You can imagine my gradual obsession with Aesthetics. The pretty creatures, those men with straight, angular faces, and well-manicured facial hair, the women with small chins and big eyes, they simply do not understand the agonies felt by those average, or less-than-average folks like myself. For every setback they experience, we experience it triple-fold, perhaps more. They have the luxury of going about their lives with an underdeveloped character, dim-wits, nastiness, and have it played off as cute, comical, admirable. We, and with we I mean myself and all those whose noses protrude over their mouths, whose eyes droop down on one side and go up ever so slightly on the other, whose lips bulge out in the middle like an old-fashioned purse, we have to exert ourselves to improbable extents only to be marginally accepted.
Because of my personal misfortunes, attributed to my person at the time of my birth, I have developed my own theory on Aesthetics. One I implemented on my glasses. In summation: beauty should be looked at as a ladder. At the bottom are the extremely repulsive, the barely perceivable, rat-like people of the earth. One step higher are those I’d consider below average. One higher, the almost average. Higher again, the average. And so forth. The important thing is not so much each individual group, but the system of hierarchy that plays within each step. Our ape-like brains automatically put like against like. You put one supermodel up against another. You put one man with a job in construction up against another man with a janitor’s job. The goal isn’t so much perfection. It is to be the best within your category. That is my theory on Aesthetics anyway, and I stand by it. Hell, I dedicated my life to it.
What about children, you may ask? Does my theory extend to them? I have not the slightest clue. While I understand adults through and through, children remain a mystery to me. The problem lies in my utter disinterest in their wellbeing. If anything, I secretly despise them. And I would have happily continued within my dislike if it wasn’t for the opening of my newly renovated optics shop. In order to bind my clients I knew I had to keep their damned offspring entertained. A difficult task, considering the supreme craftsmanship that goes into the making of a lens, and the short prefrontal cortex of a toddler.
I was worried, but not for long. Not to sound pompous, but I am a bit of an entrepreneurial genius. For a man such as myself, a true Monnickendamer, I have traveled a great deal.

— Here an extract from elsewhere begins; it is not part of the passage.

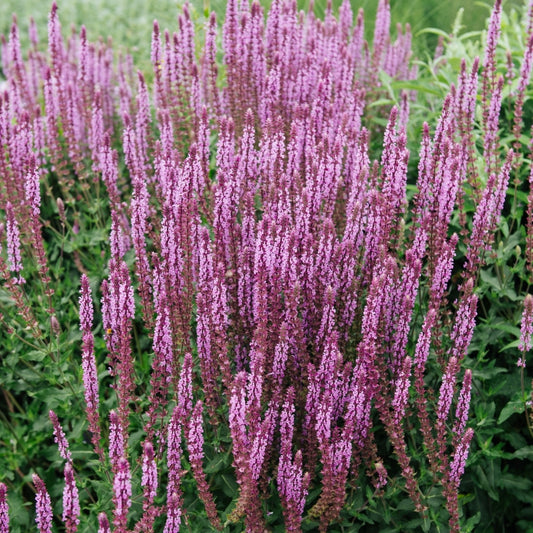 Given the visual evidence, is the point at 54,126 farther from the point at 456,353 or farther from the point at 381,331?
the point at 456,353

I speak some German and Latin. I read. I can hold a political discussion without raising my voice. As I said earlier, I am extremely well-versed in Aesthetics. I influenced, at least so I hope, the lives of many by advising the right prescription glasses to fit their faces. The list goes on. But children? It took several days of painstaking analysis to devise a plan.
Two whole weeks passed before the idea came to me, in the form of a dream. I hardly had time to fully return to consciousness before I found myself on my feet, running down the two floors from my apartment to the optical laboratory. I began working on my creation immediately, and came up with a name just as fast: Anoptics for the adults, or Animal Glasses for the children. I would let the children see the world like any animal of their choosing.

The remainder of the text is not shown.